Sasaran keselamatan pasien memiliki tujuan menggiatkan perbaikan- perbaikan tertentu dalam keselamatan pasien dan menyoroti bidang-bidang yang bermasalah dalam perawatan kesehatan untuk menyediakan perawatan kesehatan yang aman dan berkualitas tinggi (Kemenkes, 2017a, p. 34).
Peningkatan mutu pelayanan pada saat ini berupaya melakukan pengembangan yang mengarah pada keselamatan dan keamanan pasien, karena itu penerapan keselamatan pasien sangat penting dalam peningkatan mutu rumah sakit dalam era globalisasi serta meningkatkan kepercayaan masyarakat terhadap pelayanan rumah sakit (Ismaniar, 2015, p. 1).
Perawat merupakan seorang yang telah menyelesaikan pendidikan tinggi keperawatan, baik di dalam maupun di luar negeri yang diakui pemerintah sesuai dengan ketentuan perundang udangan di Indonesia (Febriana, 2017, p. 127).
Perawat sebagai profesional kesehatan merupakan tenaga terdepan dalam memberikan pelayanan selama 24 jam dan peran perawat dalam keselamatan pasien ditunjukan pada seluruh aspek perawatan, termasuk didalamnya adanya risiko dan koreksi terhadap abnormalitas, kesalahan dan potensi cedera, melakukan pencegahan dini, pemahaman atas proses perawatan pasien dan kelemahan sistem pelayanan, serta monitoring kondisi dan kebutuhan pasien akibat perubahan klinis pasien baik fisik maupun emosi (Muliyadi et al., 2018, p. 29).
Perawat dalam melakukan penerapan keselamatan pasien dipengaruhi oleh beberapa faktor yang berkontribusi. Faktor tersebut terdiri dari faktor eksternal dan faktor internal. Faktor eksternal terdiri dari organisasi dan manajemen, lingkungan kerja, teamwork, task dan pasien. Faktor internal yang berasal dari dalam perawat itu sendiri yang meliputi pengetahuan, keterampilan/pelatihan, sikap dan perilaku selain itu aktor internal individu yang berperan dalam kegagalan aktif KTD adalah usia dan motivasi (Cahyono, 2009, pp. 107–145). Menurut model proses perilaku menurut Fishbein dalam Nursalam (2015), pendidikan, umur dan jenis kelamin merupakan karakteristik individu yang memengaruhi proses perilaku.

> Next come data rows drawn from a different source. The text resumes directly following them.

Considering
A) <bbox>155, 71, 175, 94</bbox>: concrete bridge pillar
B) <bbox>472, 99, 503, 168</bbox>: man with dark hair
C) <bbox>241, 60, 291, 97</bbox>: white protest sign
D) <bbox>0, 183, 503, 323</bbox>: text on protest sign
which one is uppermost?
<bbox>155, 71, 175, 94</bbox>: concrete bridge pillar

Model proses perilaku menurut Fishbein mengungkapkan bahwa perilaku individu dipengaruhi oleh motivasi, sedangkan motivasi didapatkan dari sikap,
usia dan jenis kelamin. Motivasi juga dipengaruhi oeh sikap yang didapatkan dari pengetahuan, pengetahuan yang dibentuk dari pendidikan yang telah di selesaikan dan pelatihan yang telah diikuti serta lama kerja. Perilaku individu pada dasarnya dibentuk oleh karaktristik individu tersebut yang berupa pengalaman/lama kerja, pelatihan, pendidikan, usia dan jenis kelamin (Nursalam, 2015, p. 122).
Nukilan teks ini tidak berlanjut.